Cari Colleghi dell'ANPRI,

quale ricercatore dell'INFN, iscritto all'ANPRI da parecchi anni, permettetemi qualche commento al vostro APPELLO e ASSEMBLEA GENERALE PER LA RICERCA, pervenutomi il giorno precedente la grande Assemblea del 10 settembre nell'Aula Magna del CNR a Roma. Condivido la prima metà circa del Documento, soprattutto laddove si evidenzia la disattenzione della classe politica nei confronti della Ricerca, che ha ridotto gli Enti Pubblici a serbatoio di risorse e opportunità di gestire il potere per la lobby universitaria (troppo potente in Parlamento) e a territorio di caccia di tessere e consensi per la lobby sindacale.
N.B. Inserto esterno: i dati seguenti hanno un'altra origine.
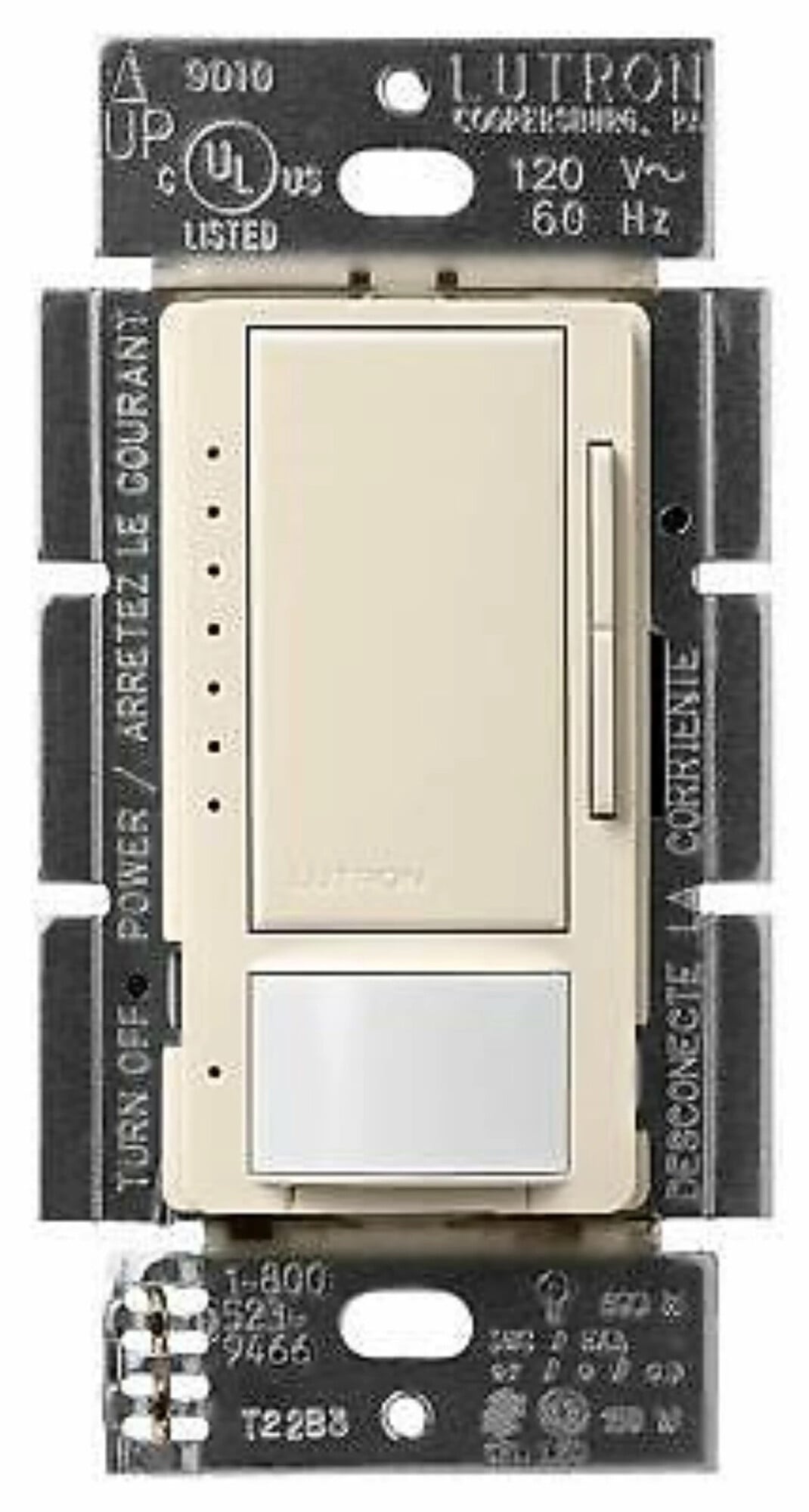 Maestro Dual Technology (Dual Tech) occupancy sensor switch, neutral connection required applies exclusive XCT Technology for minor and fine motion detection in light almond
Sono meno d'accordo invece sul fatto che la dirigenza di nomina interna sia di per sè rilevante per il buon funzionamento di un EPR. Nel caso dell'ENEA, c'è stato un Presidente di indiscutibile prestigio scientifico, come il Prof. Cabibbo (9 anni all'INFN, 6 anni all'ENEA), che non ha saputo frenare il declino dell'Ente, evidenziato dalla riduzione continua dei finanziamenti.
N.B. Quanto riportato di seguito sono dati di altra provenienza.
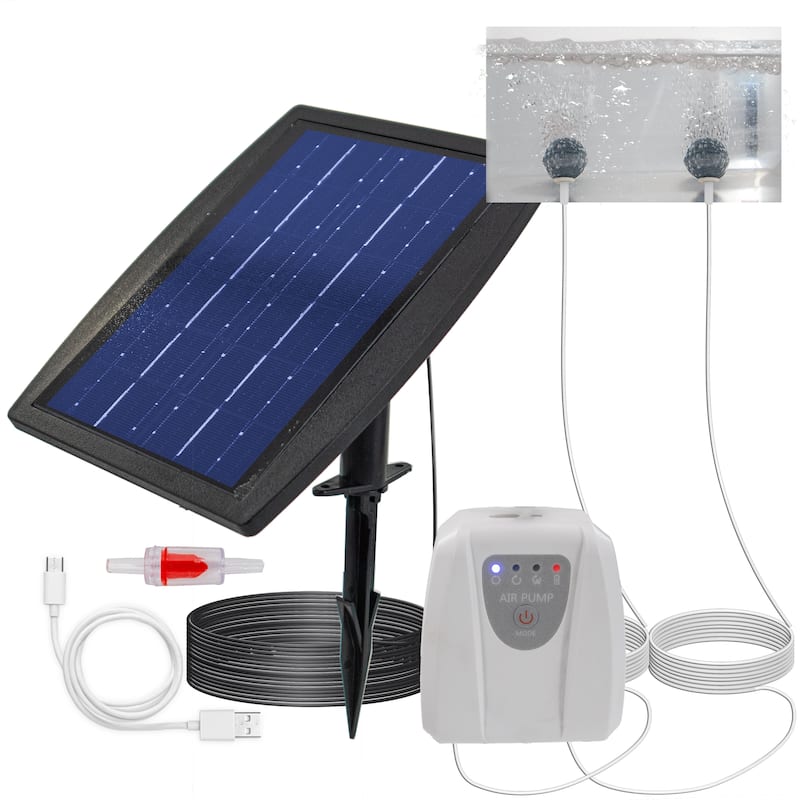 Solar Powered Pond Aerator Air Pump - Aquarium Fish Tank Oxygenator with 2 Air Stone Diffusers, with Battery Backup - regular - regular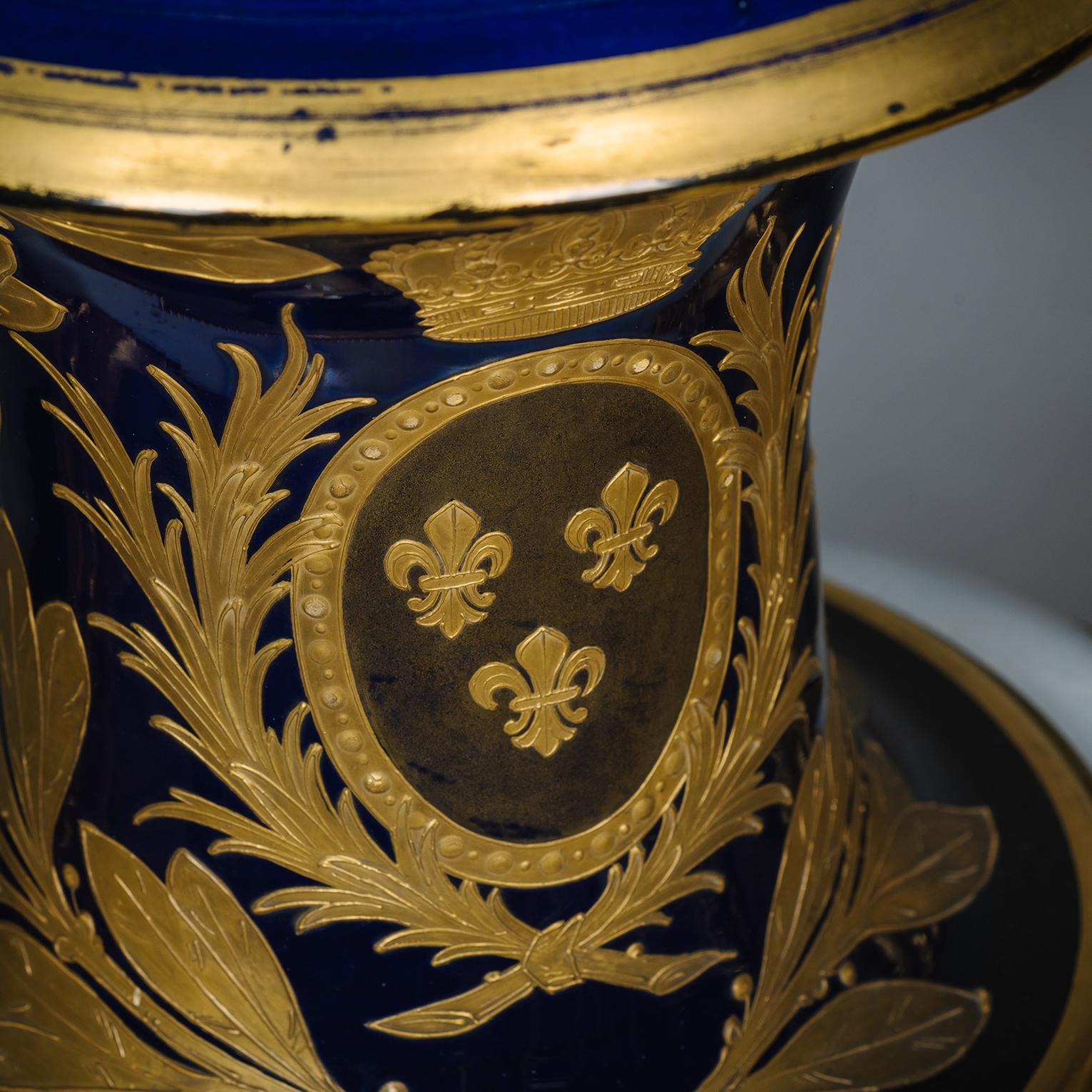 A Pair of Large Gilt-Bronze Mounted Sèvres-Style Porcelain Vases For Sale 1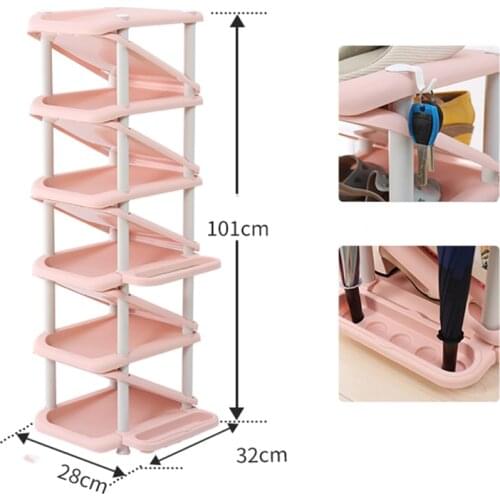 Small shoe rack dormitory simple door multi-layer household economy narrow shoe cabinet plastic shoe storage rack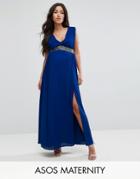 Asos Maternity Embellished Waist Strap Back Maxi Dress - Blue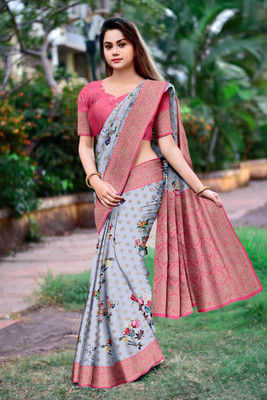 DHARMRAJ ENTERPRISE Digital Print Banarasi Crepe Saree(Pink)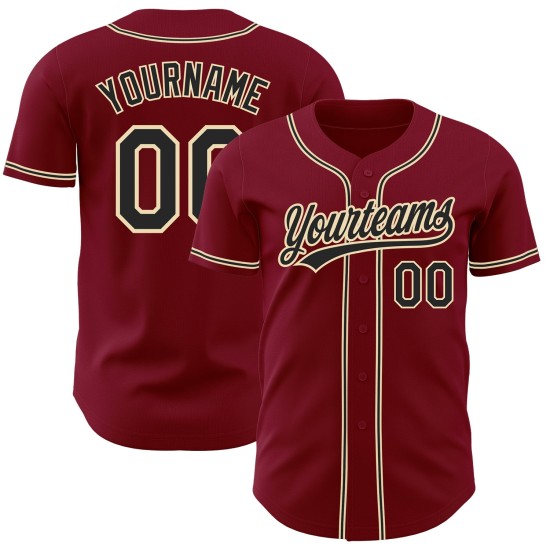 Crimson Custom Jersey Authentic Schwarz-City Cream Baseball Crimson Custom Jersey Authentic Schwarz-City Cream Baseball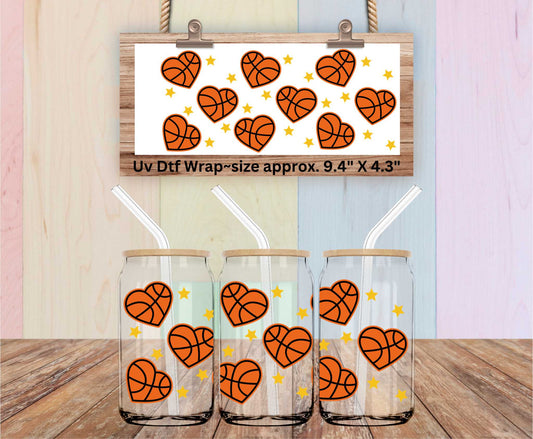 Uv Dtf Wrap Basketball Hearts | Double Sided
Quanto all'INFN, i suoi successi sono da ascrivere a ben altri fattori che la scelta di un Presidente Interno:
- la materia d'indagine, la fisica delle alte energie, la cosiddetta 'Big Science', capace (fino a poco fa) di riscuotere grande interesse a livello internazionale;
- l'ingente finanziamento pubblico, dovuto soprattutto all'abile lavoro politico del Prof. Zichichi, che finora ha evitato all'Ente la fatica di cercare altri committenti;
- il fatto che la maggior parte dell'attività si svolgesse presso laboratori esteri, con evidenti vantaggi in termini di di crescita professionale e soprattutto d'incremento retributivo (missioni contratti CERN etc.);
- il rapporto di simbiosi con i docenti universitari, che hanno trovato nell'INFN il dominio perfetto per esercitare il potere, altrimenti difficile nell'Università.
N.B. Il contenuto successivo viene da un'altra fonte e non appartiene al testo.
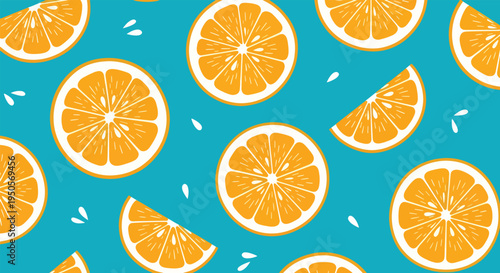 Vibrant Orange Slices and Petals on a Bright Blue Background.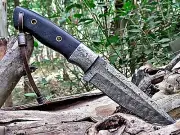 Unique Handmade Damascus Steel Fixed Blade Knife | Leather Sheath | Premium Wood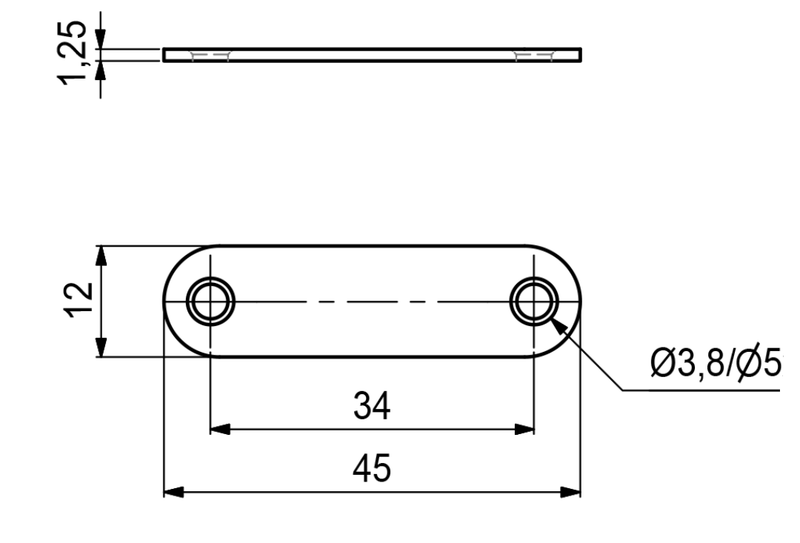 Blik til magnet 45x12 mm, elgalvaniseret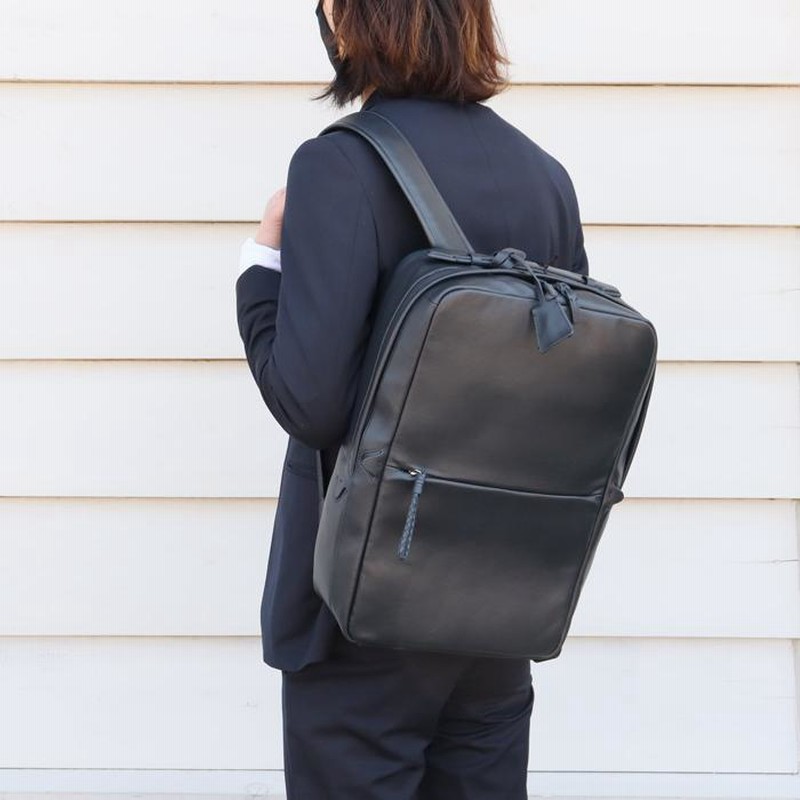 大特価!!】【大特価!!】ビジネス用 メンズ牛革リュック（ネイビー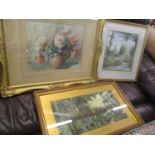 Three watercolours to include one depicting two figures walking a dog with river to the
Se il risultato complessivo per l'Ente è stato ottimo, lo è stato molto meno per la comunità dei ricercatori interni, che non ha mai avuto nessun peso nella gestione dell'Ente. E le vostre osservazioni sulla passività dei Presidenti di fronte ai loro padrini politico-sindacali valgono anche per l'INFN.
Quello che assolutamente non condivido sono le vostre considerazioni sull'autoreferenzialità e sul controllo politico: la prima è un rischio onnipresente nella società Italiana (basti pensare alla Magistratura!) da cui la Ricerca non è certo immune, quanto al controllo politico sull'attività degli Enti, esso è doveroso e imprescindibile, proprio per assicurare che la Ricerca Scientifica sia una cosa non soltanto utile, ma anche utile al Paese. Purtroppo ho sentito in Assemblea esprimere stupore e fastidio di fronte a questo concetto, guarda caso proprio dal Presidente del CNR.

Non so se la bozza di riforma fatta circolare corrisponda alle reali intenzioni del Governo: se così fosse, la giudicherei come un primo passo che va nella direzione giusta, a cui ne dovranno seguire altri, ben più spinti e tali da investire anche lo stato giuridico dei ricercatori. Pazienza se durante questo processo dovessero venire sacrificate alcune nicchie di eccellenza: ciò è necessario, se vogliamo una riforma vera e profonda, che non può che essere totalizzante.
Credo che ormai la maggior parte dei Ricercatori siano stufi di riforme-burla, che non danno stabilità e certezze al loro lavoro, ma desiderino veramente il cambiamento.